In light of the recent spate of violent killings in the City of St. Louis, we urge you to reject the arrest-and-incarcerate status quo of public safety that continues to fail vulnerable communities of color. The daily violence that has devastated families and neighborhoods across our city is neither a random spike in social deviance, nor—as some have suggested—a function of inadequate cooperation with local police. It is a result of decades of economic disinvestment, political neglect, and oppressive state violence, including the unyielding seizure and caging of young black men in a dehumanizing criminal legal system.
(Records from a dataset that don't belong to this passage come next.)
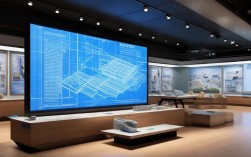 科普基地展示方案，科普基地展示方案怎么写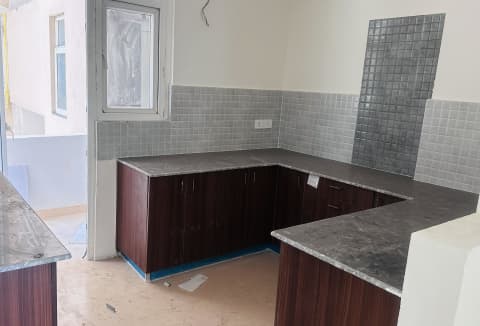 2BHK FOR SALE
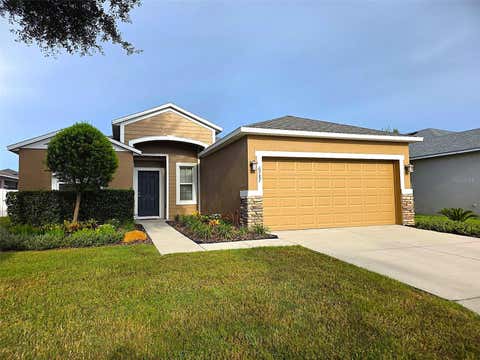 Property photo of 6787 Glenbrook Drive, Lakeland, FL 33811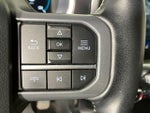 2023 F-150 Thumbnail 19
We are hardly the first to note this troubling pattern, nor are we the only ones to protest it now. In recent days, we saw yet another column from Pulitzer Prize-winning columnist Tony Messenger titled “Want to help cure violence in St. Louis? Close the Workhouse.” The next day, Treasurer Tishaura O. Jones rightly stated that “The Rex/Krewson approach to public safety doesn’t work.” Last month, Circuit Attorney Kimberly Gardner released a policy memo that declared, “Our over-reliance on incarceration is not making us safer” and it “is time to take a new approach that no longer relies on incarceration as the default solution.”
We were hopeful when we heard the news of Mayor Lyda Krewson’s change of heart in favor of emergency funding for the Cure Violence program that this might be the beginning of a new, holistic approach to public safety. Unfortunately, if this week’s reporting is accurate, she, Public Safety Director Jimmie Edwards, and Police Chief John Hayden have since come before many of you to tout a plan rooted in doubling down on police and surveillance in communities impacted by violence. (And, of course, offering $25,000 rewards for information from the mayor’s favorite billionaire supporter.)
Our communities need investment. They need support and services. They need opportunity. And that could be made possible in part through reallocation of the $16 million currently being spent every year on a decrepit Workhouse jail that precisely no one needs. Nor do we need a newer, shinier version.
When we last wrote to you in March, there were 863 people being held in both city jails on city charges. Today, there are 707 people. The city Justice Center has a capacity of 860 people. You may recall that the mayor’s chief of staff at the time had a lot of words about the “complexities and nuances” standing in the way of basic math. What is the excuse now?
This is not a trivial or symbolic issue. Our communities are crying out for freedom and resources. The Workhouse steals both. The money we are spending on the Workhouse to disastrous effect can be used to fully fund effective violence prevention programs like Cure Violence; to help establish community health, education, and employment centers; to fund youth programs; to support community-based pretrial services; and much, much more.
Months ago, Comptroller Darlene Green wrote that closing the Workhouse “is the right thing to do” and that it can be done quickly. It was true then, and it is true now. Lives literally depend on getting this right. Which side of history will you be on?
It is time to combat violence by reinvesting in our communities. It is time to close the Workhouse.